Despite anemic GDP growth projected for the quarters to come, the U.S. will "technically" avoid another recession. Metro Atlanta meanwhile will feel like the economy has fallen off a cliff, a top Atlanta economist says.
GDP will contract 0.3 nationally in the third quarter of 2011, Rajeev Dhawan, director of Georgia State University's Economic Forecasting Center, predicted Wednesday in his quarterly "Forecast of the Nation" meeting. It will grow at just a 1.2 percent pace in the fourth quarter this year and rise at a mere 1.5 percent rate for all of 2012.
A normal, job-creating growth rate would be about 3 to 3.5 percent.
Stalled growth in the third quarter will not force a recession as jobs will still be created, albeit at a much slower pace, he said. And if oil continues to trade in the $80-a-barrel range, that's not good for consumers, but better than the peak prices of 2008.
Metro Atlanta, however, will feel as if it's still on the wrong track, Dhawan said. Georgia's most populous region will lose 2,300 jobs overall in 2011, he said, though it will add 32,600 in 2012.
The state, by contrast, will eke out 3,200 new jobs by the end of 2011, Dhawan said. He anticipates the state will add 46,500 jobs next year.
Overall, Dhawan didn’t set a rosy picture – locally or nationally -- though he said there were some good signs.
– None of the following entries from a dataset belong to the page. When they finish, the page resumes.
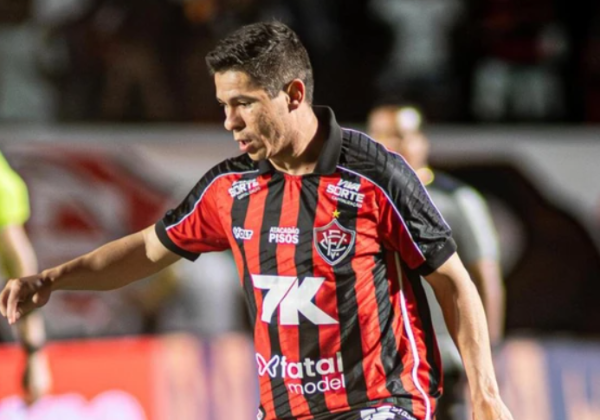 Vitória anuncia renovação do contrato de Osvaldo até junho de 2026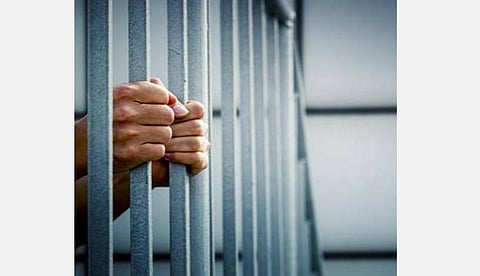 ஆயுள் கைதிகளை பரோலில் விடுவிக்க மே.வங்கம் முடிவு?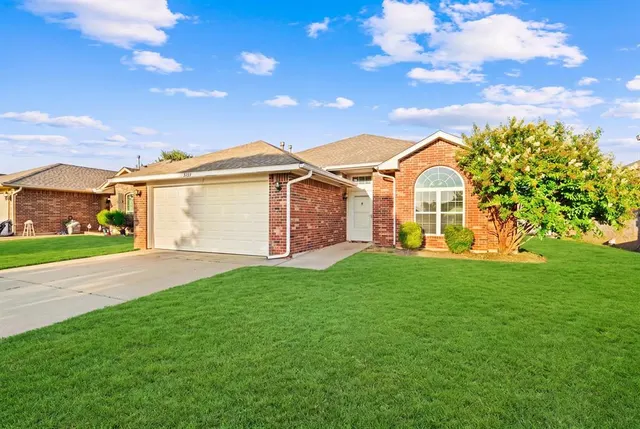 Photo 2 — 2605 Northern Hills Road, Norman, OK 73071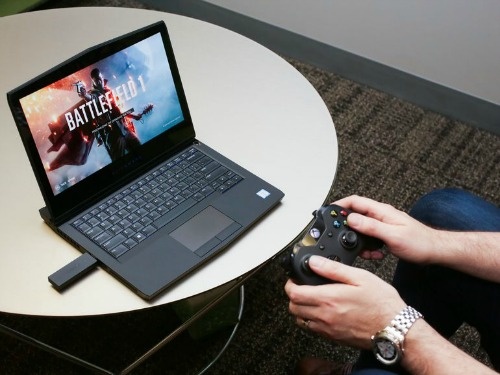 Alienware 13 R3 (OLED): Laptop chơi game tích hợp công nghệ thực tế ảo VR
The biggest issues, he said, were a lack of confidence among businesses who won't hire and consumers who won’t spend until they know there is stability in the economy. Slowing growth in emerging markets such as China and Brazil, Europe’s continuing debt problems and high gas prices also are keeping the economy off kilter.
“Uncertainty is the problem,” he said. “You are still spending cautiously but you are very worried.”
Exporting, however, is expected to be a bright spot. Georgia exports have grown by double digits, with goods going to China, Turkey, Brazil and the Middle East. China, the state's No. 2 export destination, may pull back as the country tries to slow its economy to ease inflation, Dhawan said.
SmartNumbers analyst Steve Palm offered a sobering update on the area’s real estate woes, telling attendees that $22 billion was lost in metro Atlanta foreclosures in 2008. Housing starts, which numbered about 4,000 in 2008, are down now to about 500.
He said little residential construction is underway in metro areas such as north Fulton County and parts of Gwinnett and Cobb counties. But the outer exurbs, which were robust several years ago, are now the “ring of death.”
“We are in stagflation more than anytime in our history,” Palm said.